§ **What is expected**
In the entries that follow, the lines from the line containing "화 코스」3828엔(부가세 포함)" up to and including the line containing "Svarbi žinia vairuotojams: dviejuose" must be copied exactly, with pictures omitted.

§ **Source data**
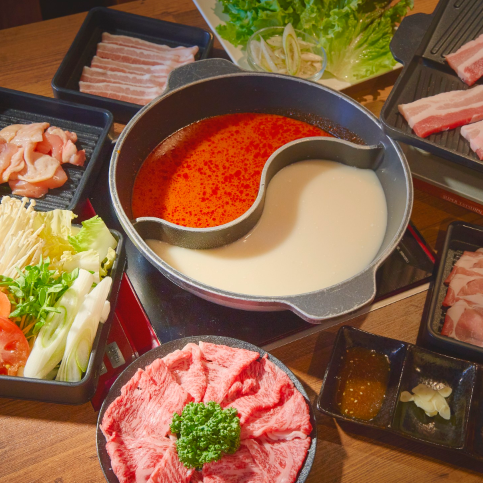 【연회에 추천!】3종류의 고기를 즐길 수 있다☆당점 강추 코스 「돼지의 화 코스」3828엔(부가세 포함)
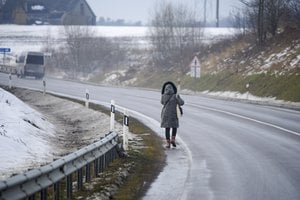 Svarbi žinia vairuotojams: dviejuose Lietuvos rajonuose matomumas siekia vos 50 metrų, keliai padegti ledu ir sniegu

* * *

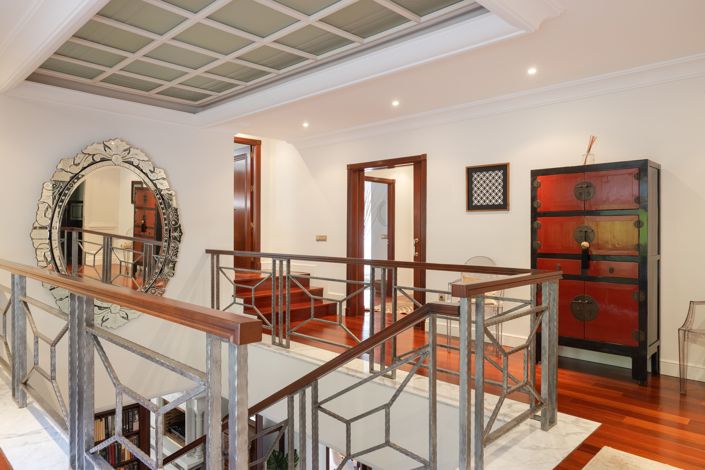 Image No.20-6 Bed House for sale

§ **Finished exercise**
 【연회에 추천!】3종류의 고기를 즐길 수 있다☆당점 강추 코스 「돼지의 화 코스」3828엔(부가세 포함)
 Svarbi žinia vairuotojams: dviejuose Lietuvos rajonuose matomumas siekia vos 50 metrų, keliai padegti ledu ir sniegu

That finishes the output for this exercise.